Monday, May 31, 2010

From the Source: Get Organized, Get Manners


I have found that being organized can pertain to just about every aspect of your life including having good manners. Yes, even having good manners requires a bit of planning. At Buttoned Up, we help busy people get sanely organized by giving them tips and tricks for staying a few steps ahead of the chaos. This can certainly apply to planning to have good manners. Here are 5 of our favorite tips for doing just that:

1. Ditch Perfection. The pursuit of perfection takes a superhuman effort to achieve and a superhuman effort to maintain. This is no less true when it comes to having exceptional manners. That being said, you should not expect yourself to always be perfect. Figure out what is important to you about manners and focus on that, and accept that the other areas may not always be perfect. For me, being on time, remember to say and show appreciation, and good table manners are the areas that are most important to me.

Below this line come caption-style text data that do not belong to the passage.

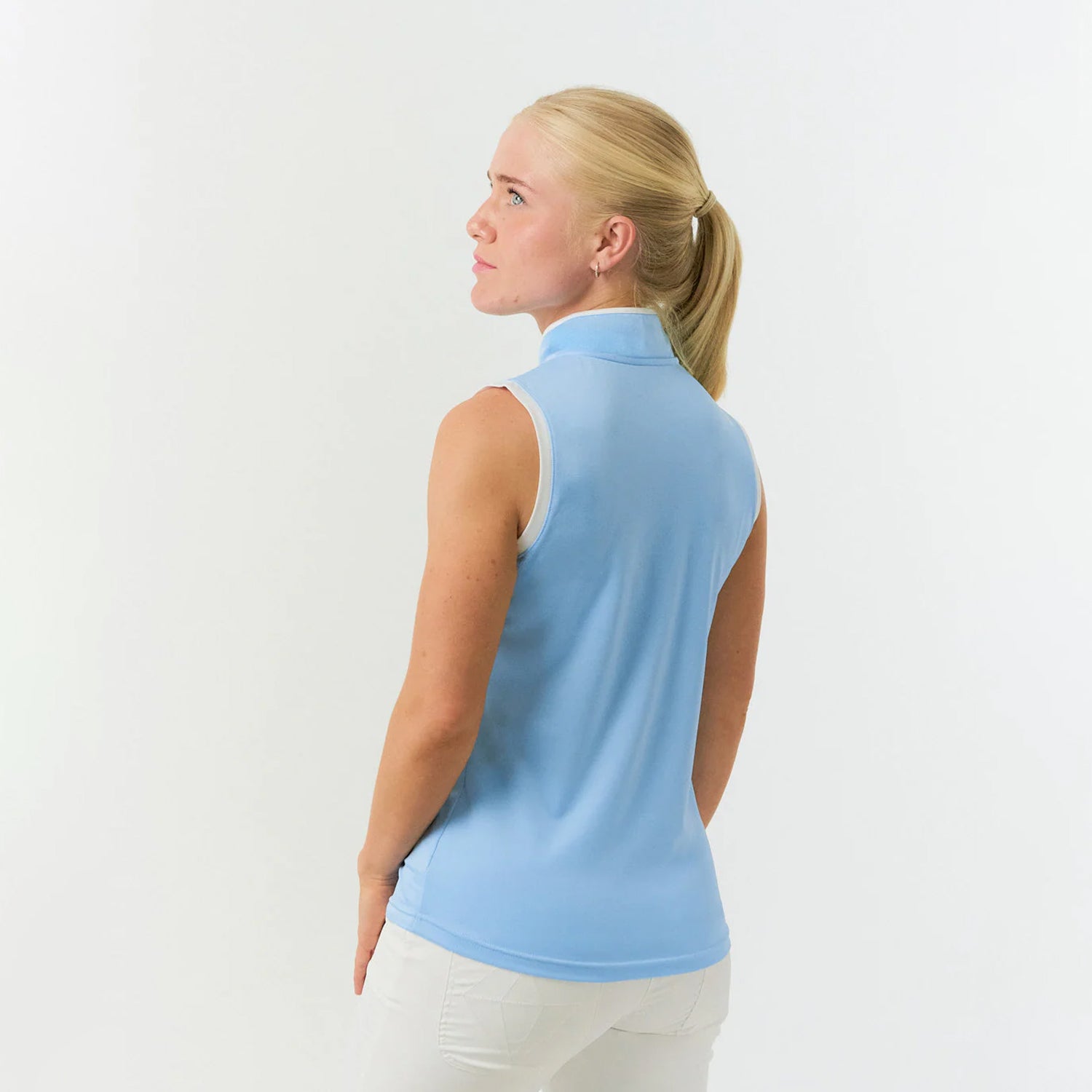 Pure Golf Ladies Sleeveless Mandarin Polo Shirt in Pale Blue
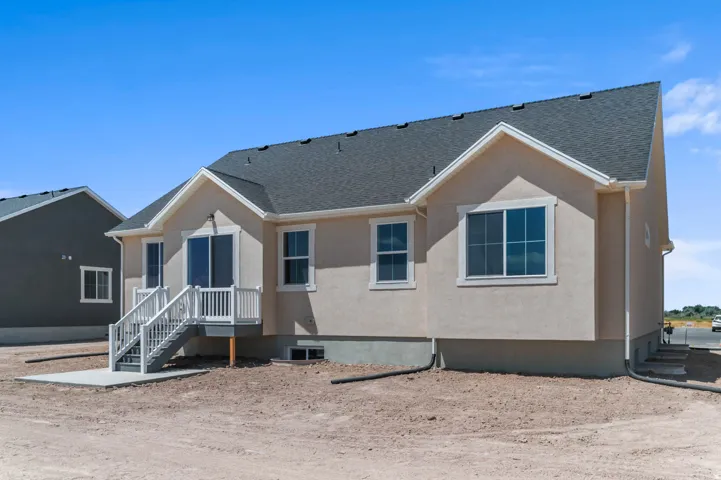 Rear exterior featuring a neutral stucco finish, white trim, and a dark shingle roof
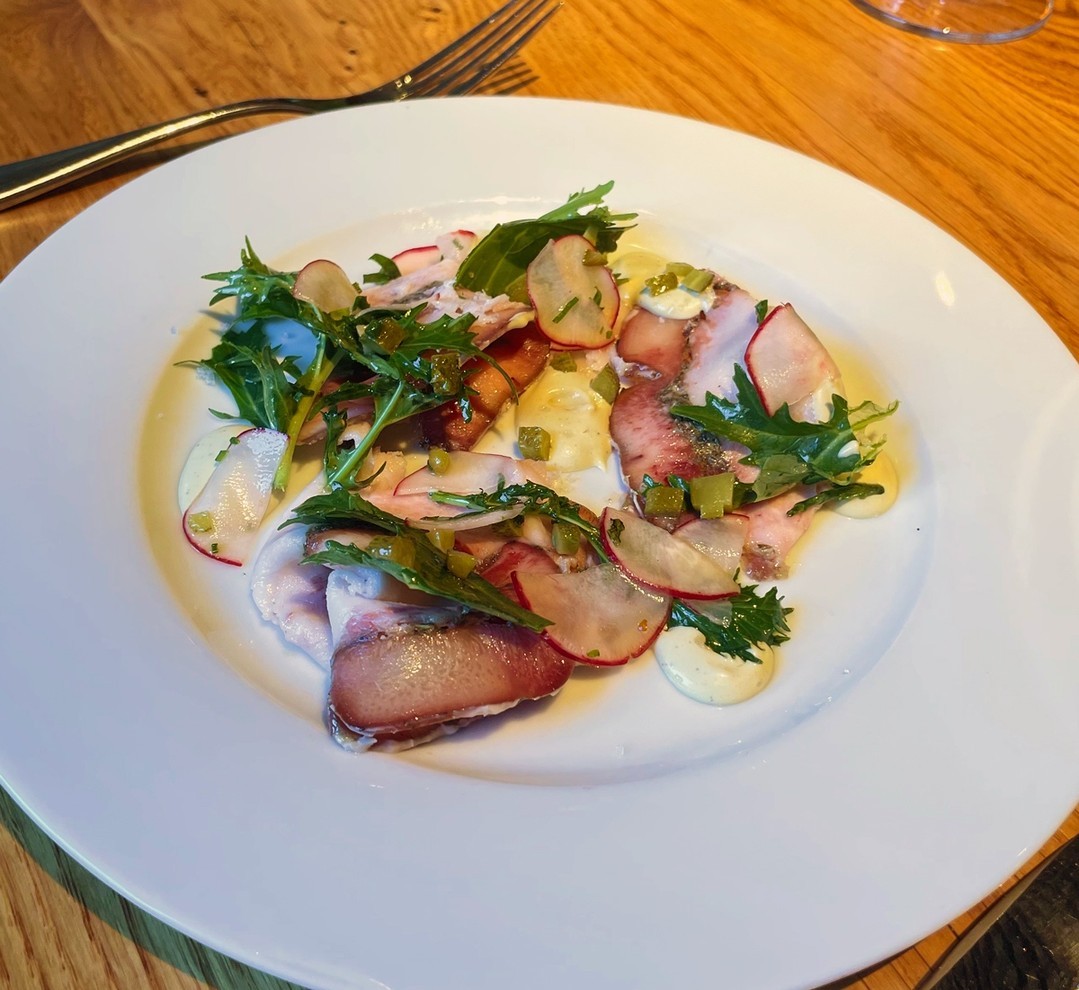 A new dish from the old world: Porchetta di Testa with tonnato, gherkins, radish, mizuna, and an herb lemon vinaigrette. This is a traditional Italian pork dish that is slow cooked for over 18 hours and served as a roulade. ⁠
.⁠
.⁠
.⁠
#oldworld #roulade #pork #porchetta #chseats #southofbroad #downtown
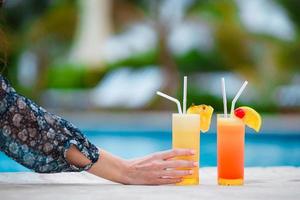Two tasty cocktails on tropical white beach photo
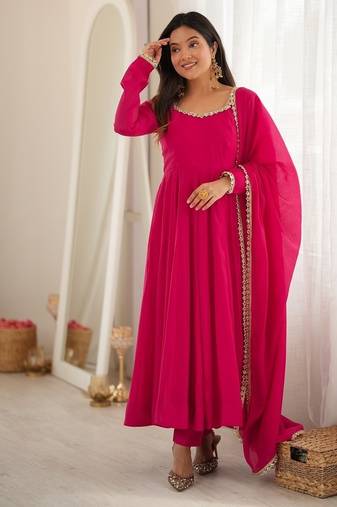 Festive wear rani pink solid anarkali kurti with trousers & lace border dupatta set for women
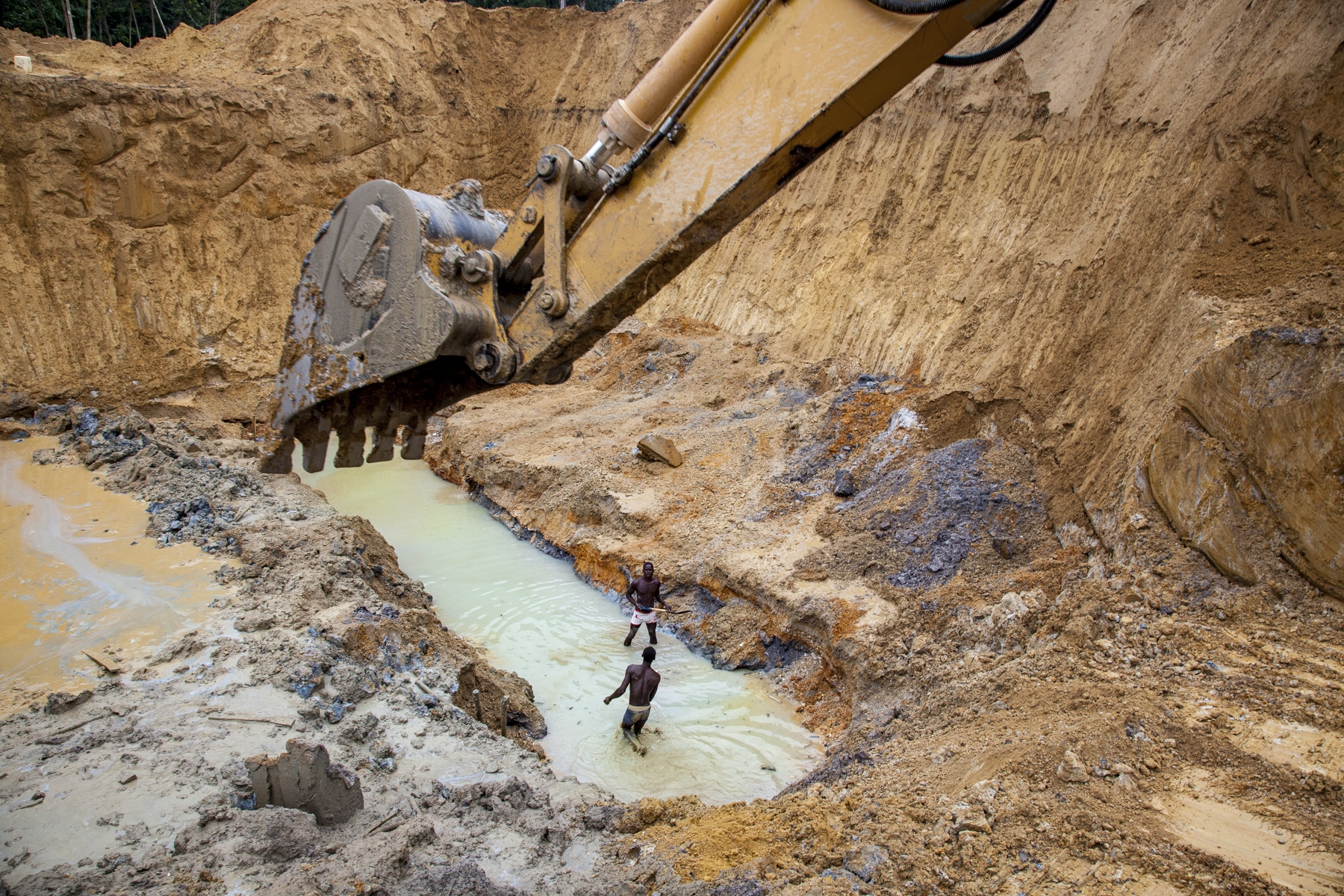 Excavator digging for gold in Ghana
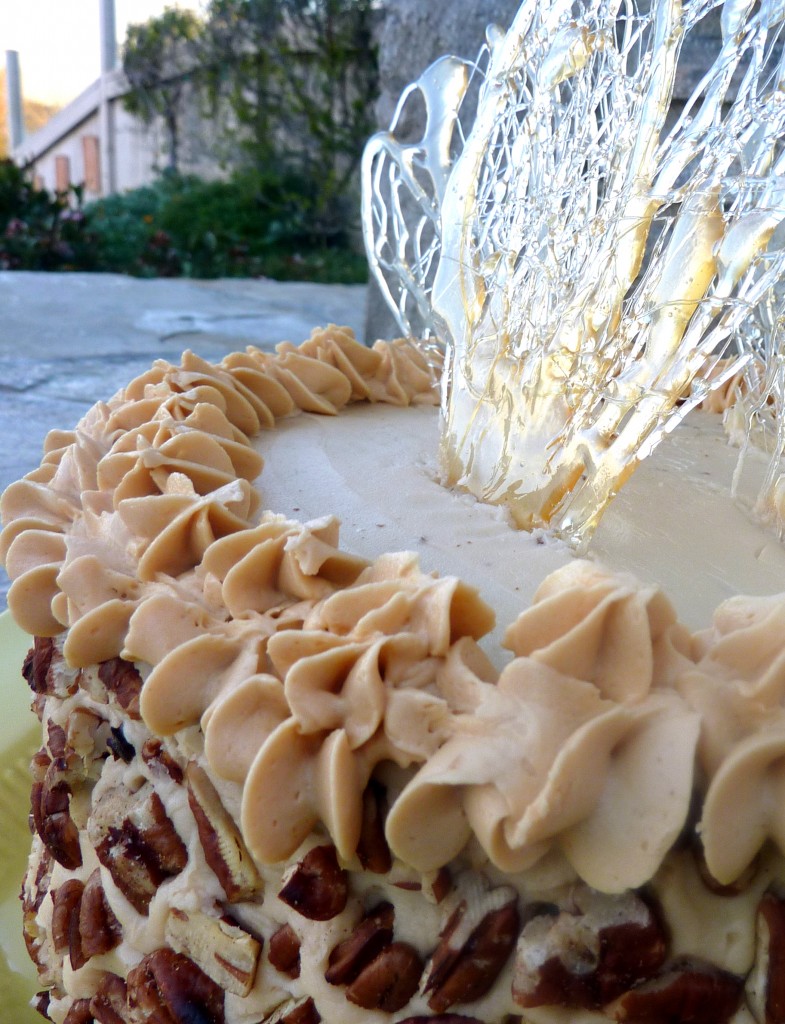 This Apple Spice Layer Cake with Caramel Buttercream is a moist three layer cake with a caramel buttercream and caramelized sugar decorations!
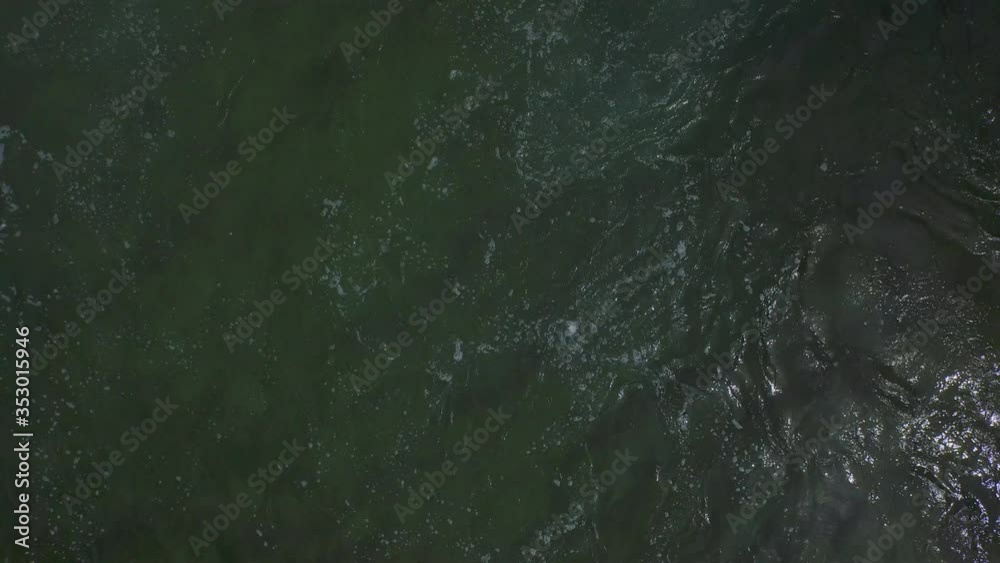 Aerial: High angle view of green river on sunny day, drone flying over water - Krka, Croatia Aerial: High angle view of green river on sunny day, drone flying over water - Krka, Croatia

2. Remember To Show Appreciation. Showing appreciation is a simple way to show people you recognize what they have done for you. Think about having hostess gifts on hand so they are at the ready if you have somewhere to go. Bottles of wine are always a good option. Make it easy by planning ahead and you do not even have to think about it.

3. Notes At The Ready. Thank you notes are such a quick and easy thing to do to show your good manners. Kids as young as 5 can start to send out thank you notes (even photos) to show appreciation for gifts they receive. A quick way to prepare for this is to have notes and stamps on hand and easily accessible. If they are there, you will use them.

4. Teach The Kids. I have an eight year old, Lucy, so this tips is especially near and dear to my heart. You can never start too early teaching your kids basic manners. It is really all about repetition and by telling them over and over again pretty soon, manners become second nature. A few of the ones I like to focus on: (a) Saying please & thank you; (b) How to properly meet someone; (c) Basic table manners and etiquette; and (d) Writing a proper thank you note.

5. Time Management. Finally, a bit of time management means you will have the time to make good manners a priority. This can be helpful in many ways:
a. Are you someone who is often late? That doesn’t show good manners. Instead plan on your calendar to be at things 15 minutes early. You will then get there on time.
b. Are you inconsiderate because you forget birthdays, important dates? Plan them in your calendar and set up as reoccurring events so that you remember each year. Even have a reminder set up 3 days before so you know something is coming up.

Planning and organizing to have good manners does not have to be a chore. As a matter of fact, it can give you peace of mind and relieve stress. Give it a try. It is quite easy to do! Below are three more ways organization can impact your manners.

BHM:
Having good manners actually requires a bit of organization. Can you think of a couple of circumstances where this is most evident?
BU: Good manners do require organization. If you plan ahead when you go someone’s house so you bring a hostess gift, that takes organization. When you write thank you notes for gifts you receive, that takes time management and organization.

BHM: Do you think people who are unorganized make a bad impression?
BU: People who are unorganized can come across as not caring and not thinking of others. This is not necessarily warranted but if you forget to thank people for things they do for you, if you are late for appointments because you are not good at time management, people will most like attribute that to the person just not being thoughtful or respectful. A little organization can make sure that does not happen.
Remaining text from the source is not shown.